The route of the road is: Helsinki – Vantaa – Nurmijärvi – Hyvinkää – Riihimäki – Janakkala – Hämeenlinna – Hattula – Kalvola – Valkeakoski – Akaa – Valkeakoski (again) – Lempäälä – Tampere – Pirkkala – Nokia – Tampere (again) – Ylöjärvi – Hämeenkyrö – Ikaalinen – Parkano – Jalasjärvi – Kurikka – Ilmajoki – Isokyrö – Laihia – Korsholm – Vaasa.

Highway 3 starts in Helsinki at the end of the Mannerheimintie street. Between the Kivihaka and Ring III, Highway 3 is a high-quality four-lane highway, all connections of which are interchanges (except the motorway). The entire section between Ring III and the town of Ylöjärvi is a four-lane motorway. At 180 kilometres long, it is the longest motorway in Finland. In the Greater Helsinki, the road is also called Hämeenlinnanväylä, sometimes in colloquial language also Tampereenväylä. The former name of the road is Nurmijärventie, referring to the municipality of Nurmijärvi along the way. The traffic volumes on the highway are quite high all the way. For example, in the case of Riihimäki, the volume of road traffic is about 30,000 vehicles per day.

Highway 3 runs right next to the city center at Hämeenlinna. This throughway, which was completed in 1964, is the first section of the road and the third section in Finland that was built as a motorway.
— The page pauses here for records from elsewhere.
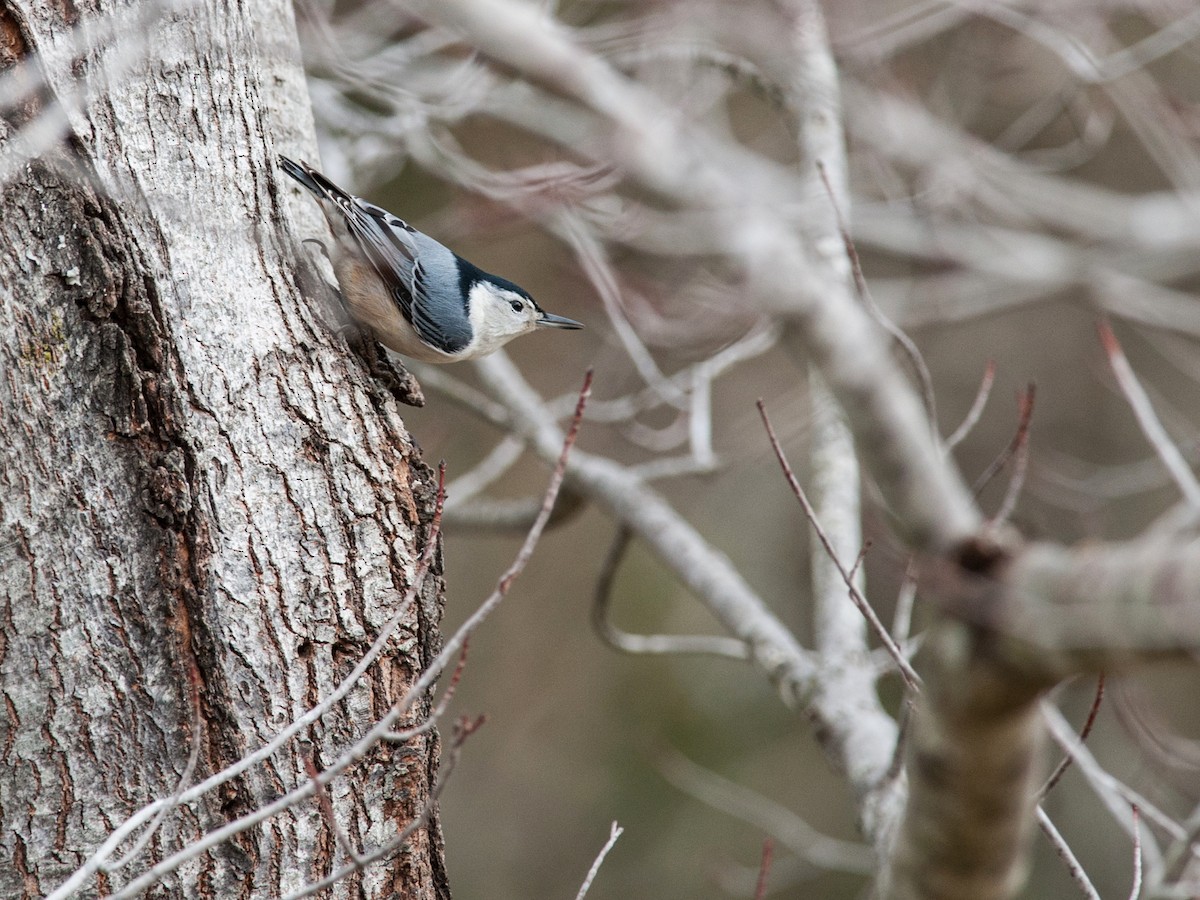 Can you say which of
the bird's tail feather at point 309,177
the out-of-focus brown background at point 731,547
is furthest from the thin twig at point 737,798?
the bird's tail feather at point 309,177

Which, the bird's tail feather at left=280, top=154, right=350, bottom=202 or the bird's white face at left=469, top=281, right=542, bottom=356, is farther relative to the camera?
the bird's white face at left=469, top=281, right=542, bottom=356

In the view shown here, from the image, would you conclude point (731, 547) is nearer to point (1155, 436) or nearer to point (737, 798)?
point (737, 798)

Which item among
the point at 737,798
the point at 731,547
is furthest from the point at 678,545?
the point at 731,547

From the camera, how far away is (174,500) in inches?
65.0

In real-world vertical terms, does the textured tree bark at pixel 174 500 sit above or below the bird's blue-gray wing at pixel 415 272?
below

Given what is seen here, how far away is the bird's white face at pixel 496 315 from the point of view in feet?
8.93

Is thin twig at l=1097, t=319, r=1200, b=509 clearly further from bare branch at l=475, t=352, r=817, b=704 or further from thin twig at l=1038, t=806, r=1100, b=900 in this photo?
bare branch at l=475, t=352, r=817, b=704

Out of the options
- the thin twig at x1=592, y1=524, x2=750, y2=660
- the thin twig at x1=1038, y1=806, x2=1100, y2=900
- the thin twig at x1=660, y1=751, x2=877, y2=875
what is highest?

Today, the road runs for about 200 meters in a tunnel, when the Goodman Shopping Center in Hämeenlinna was completed in 2014 on the pavement. Attention has also been paid to the aesthetics of the highway environment. Some of the bridges at Highway 3 can be considered almost works of art and the rock cuts have been illuminated. Ekku Peltomäki's light art work Lux Tavastia is next to Akaa's Terisjärvi.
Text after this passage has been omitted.